Supplied data:

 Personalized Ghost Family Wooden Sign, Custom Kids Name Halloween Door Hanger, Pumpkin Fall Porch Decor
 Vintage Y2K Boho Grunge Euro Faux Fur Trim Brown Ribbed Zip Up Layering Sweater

---

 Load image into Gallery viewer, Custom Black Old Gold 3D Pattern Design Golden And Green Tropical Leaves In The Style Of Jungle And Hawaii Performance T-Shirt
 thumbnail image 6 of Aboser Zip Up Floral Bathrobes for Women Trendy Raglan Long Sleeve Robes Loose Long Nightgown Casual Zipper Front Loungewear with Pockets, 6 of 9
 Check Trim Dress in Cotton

Problem statement: Please copy, exactly as written, every line in the listing above from the line with "Personalized Ghost Family" up to and including the line with "Vintage Y2K Boho".

Worked solution:
 Personalized Ghost Family Wooden Sign, Custom Kids Name Halloween Door Hanger, Pumpkin Fall Porch Decor
 Vintage Y2K Boho Grunge Euro Faux Fur Trim Brown Ribbed Zip Up Layering Sweater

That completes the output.